** Opening DATA block **
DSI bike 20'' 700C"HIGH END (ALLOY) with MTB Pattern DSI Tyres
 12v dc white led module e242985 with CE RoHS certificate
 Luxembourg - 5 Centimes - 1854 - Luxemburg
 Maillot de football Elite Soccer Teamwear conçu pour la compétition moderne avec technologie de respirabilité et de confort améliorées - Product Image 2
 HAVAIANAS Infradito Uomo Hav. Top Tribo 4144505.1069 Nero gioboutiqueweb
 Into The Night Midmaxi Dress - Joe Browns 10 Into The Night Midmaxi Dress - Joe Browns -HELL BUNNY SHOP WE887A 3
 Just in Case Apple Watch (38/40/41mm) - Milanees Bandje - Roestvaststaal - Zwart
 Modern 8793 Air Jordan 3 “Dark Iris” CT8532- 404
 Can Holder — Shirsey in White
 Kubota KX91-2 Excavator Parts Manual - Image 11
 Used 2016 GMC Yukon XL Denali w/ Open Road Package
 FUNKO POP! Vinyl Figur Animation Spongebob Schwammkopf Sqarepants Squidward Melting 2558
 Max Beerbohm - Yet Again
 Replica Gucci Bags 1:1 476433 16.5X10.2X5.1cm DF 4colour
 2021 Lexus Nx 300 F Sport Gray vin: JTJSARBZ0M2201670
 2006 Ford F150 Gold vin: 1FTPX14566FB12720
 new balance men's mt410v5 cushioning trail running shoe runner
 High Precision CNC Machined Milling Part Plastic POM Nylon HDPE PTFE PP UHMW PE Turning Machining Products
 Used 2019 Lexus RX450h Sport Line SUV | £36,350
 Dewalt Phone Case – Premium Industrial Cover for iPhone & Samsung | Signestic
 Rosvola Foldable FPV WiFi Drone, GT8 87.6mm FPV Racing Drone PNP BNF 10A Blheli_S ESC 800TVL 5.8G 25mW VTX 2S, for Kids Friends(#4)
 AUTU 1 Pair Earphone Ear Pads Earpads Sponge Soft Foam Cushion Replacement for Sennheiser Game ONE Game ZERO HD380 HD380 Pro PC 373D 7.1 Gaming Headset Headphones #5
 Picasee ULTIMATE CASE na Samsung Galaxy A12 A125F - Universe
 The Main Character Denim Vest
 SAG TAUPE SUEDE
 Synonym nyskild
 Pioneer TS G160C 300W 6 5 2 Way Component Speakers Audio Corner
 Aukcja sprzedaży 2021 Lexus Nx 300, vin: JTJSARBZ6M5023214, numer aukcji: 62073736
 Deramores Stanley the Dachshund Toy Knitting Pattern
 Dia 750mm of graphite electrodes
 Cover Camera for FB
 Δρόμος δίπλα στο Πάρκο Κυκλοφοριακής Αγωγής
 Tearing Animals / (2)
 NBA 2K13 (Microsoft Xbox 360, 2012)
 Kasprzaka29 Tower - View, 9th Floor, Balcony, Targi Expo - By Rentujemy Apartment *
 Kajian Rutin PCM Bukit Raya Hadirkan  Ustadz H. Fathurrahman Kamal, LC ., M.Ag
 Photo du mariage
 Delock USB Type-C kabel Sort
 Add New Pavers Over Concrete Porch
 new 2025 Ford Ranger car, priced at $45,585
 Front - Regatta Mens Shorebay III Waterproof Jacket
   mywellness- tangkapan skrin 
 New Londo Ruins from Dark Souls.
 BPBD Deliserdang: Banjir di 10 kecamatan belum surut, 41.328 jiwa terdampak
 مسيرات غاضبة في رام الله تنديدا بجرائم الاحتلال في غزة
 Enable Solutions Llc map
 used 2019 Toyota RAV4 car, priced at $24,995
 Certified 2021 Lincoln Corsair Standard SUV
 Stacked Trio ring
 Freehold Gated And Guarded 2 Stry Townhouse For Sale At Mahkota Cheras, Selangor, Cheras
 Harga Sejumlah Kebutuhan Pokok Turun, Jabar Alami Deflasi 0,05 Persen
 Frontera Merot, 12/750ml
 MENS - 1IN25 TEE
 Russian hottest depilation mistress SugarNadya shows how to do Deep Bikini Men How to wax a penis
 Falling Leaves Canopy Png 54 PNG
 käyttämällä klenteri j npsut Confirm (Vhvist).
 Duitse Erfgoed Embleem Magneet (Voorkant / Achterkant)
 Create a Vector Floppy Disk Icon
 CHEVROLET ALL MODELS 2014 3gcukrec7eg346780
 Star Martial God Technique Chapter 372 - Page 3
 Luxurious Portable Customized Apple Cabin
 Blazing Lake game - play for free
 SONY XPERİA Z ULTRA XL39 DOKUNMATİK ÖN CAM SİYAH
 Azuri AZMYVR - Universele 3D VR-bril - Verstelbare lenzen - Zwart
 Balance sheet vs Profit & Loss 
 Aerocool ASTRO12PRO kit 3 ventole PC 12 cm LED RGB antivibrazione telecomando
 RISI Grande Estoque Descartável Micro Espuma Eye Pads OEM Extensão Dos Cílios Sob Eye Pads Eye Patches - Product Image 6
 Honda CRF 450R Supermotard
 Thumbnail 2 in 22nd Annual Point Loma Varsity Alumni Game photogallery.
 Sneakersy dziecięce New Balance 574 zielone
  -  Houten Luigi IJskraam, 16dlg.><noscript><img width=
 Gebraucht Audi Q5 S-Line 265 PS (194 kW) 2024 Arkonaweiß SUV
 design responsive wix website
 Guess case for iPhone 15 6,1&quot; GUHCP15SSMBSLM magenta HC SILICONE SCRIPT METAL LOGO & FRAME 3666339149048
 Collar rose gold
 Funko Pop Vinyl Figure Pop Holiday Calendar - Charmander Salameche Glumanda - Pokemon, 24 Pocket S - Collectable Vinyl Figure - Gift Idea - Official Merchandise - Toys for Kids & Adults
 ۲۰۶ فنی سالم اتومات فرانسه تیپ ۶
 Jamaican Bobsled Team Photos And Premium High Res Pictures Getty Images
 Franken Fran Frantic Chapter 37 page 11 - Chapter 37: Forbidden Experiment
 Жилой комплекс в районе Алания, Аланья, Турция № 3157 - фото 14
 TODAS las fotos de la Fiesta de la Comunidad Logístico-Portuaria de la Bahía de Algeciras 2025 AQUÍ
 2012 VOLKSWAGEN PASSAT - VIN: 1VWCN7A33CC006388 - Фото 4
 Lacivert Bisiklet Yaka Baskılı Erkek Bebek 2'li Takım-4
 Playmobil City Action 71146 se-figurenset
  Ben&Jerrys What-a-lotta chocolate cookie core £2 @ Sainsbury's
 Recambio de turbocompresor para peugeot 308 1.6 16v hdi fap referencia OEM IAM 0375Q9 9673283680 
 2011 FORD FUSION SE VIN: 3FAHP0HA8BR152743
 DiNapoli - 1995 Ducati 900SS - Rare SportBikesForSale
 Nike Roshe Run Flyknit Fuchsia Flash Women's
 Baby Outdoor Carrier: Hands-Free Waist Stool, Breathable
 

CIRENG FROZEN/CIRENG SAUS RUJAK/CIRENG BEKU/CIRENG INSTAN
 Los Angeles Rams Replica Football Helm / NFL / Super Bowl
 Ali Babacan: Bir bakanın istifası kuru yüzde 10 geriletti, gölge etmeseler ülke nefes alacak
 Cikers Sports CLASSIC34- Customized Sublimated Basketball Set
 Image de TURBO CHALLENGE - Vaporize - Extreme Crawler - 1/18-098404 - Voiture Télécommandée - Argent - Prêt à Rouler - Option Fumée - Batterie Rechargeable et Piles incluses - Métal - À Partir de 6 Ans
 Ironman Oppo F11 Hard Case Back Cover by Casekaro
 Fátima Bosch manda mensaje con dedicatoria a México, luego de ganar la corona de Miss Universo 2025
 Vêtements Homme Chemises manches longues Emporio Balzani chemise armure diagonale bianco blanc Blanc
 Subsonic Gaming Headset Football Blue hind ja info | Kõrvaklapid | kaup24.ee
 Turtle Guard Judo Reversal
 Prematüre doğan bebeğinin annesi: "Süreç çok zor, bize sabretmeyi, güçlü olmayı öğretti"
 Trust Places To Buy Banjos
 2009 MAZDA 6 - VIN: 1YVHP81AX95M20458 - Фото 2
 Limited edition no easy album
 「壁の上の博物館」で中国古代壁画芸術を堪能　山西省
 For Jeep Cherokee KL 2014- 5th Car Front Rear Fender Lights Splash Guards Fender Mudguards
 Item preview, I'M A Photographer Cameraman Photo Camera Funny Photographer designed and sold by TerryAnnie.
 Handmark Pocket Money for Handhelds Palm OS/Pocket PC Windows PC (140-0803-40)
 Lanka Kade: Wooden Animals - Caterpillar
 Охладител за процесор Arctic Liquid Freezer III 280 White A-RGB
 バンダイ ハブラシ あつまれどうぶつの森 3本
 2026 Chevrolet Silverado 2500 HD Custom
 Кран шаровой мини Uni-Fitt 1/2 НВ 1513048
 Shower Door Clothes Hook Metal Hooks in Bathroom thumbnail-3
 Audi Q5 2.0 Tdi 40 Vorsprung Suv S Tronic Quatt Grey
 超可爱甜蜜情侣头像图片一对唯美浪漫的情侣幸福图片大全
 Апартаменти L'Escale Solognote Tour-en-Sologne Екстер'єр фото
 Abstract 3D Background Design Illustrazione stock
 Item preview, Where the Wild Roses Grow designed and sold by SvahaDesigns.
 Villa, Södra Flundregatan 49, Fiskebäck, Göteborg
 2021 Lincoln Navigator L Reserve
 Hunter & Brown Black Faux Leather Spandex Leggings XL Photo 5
** Closing DATA block **
#### TO DO
Look for the string "Animals" in the listing above and copy every line holding it.

#### WRITTEN SOLUTION
 Tearing Animals / (2)
 Lanka Kade: Wooden Animals - Caterpillar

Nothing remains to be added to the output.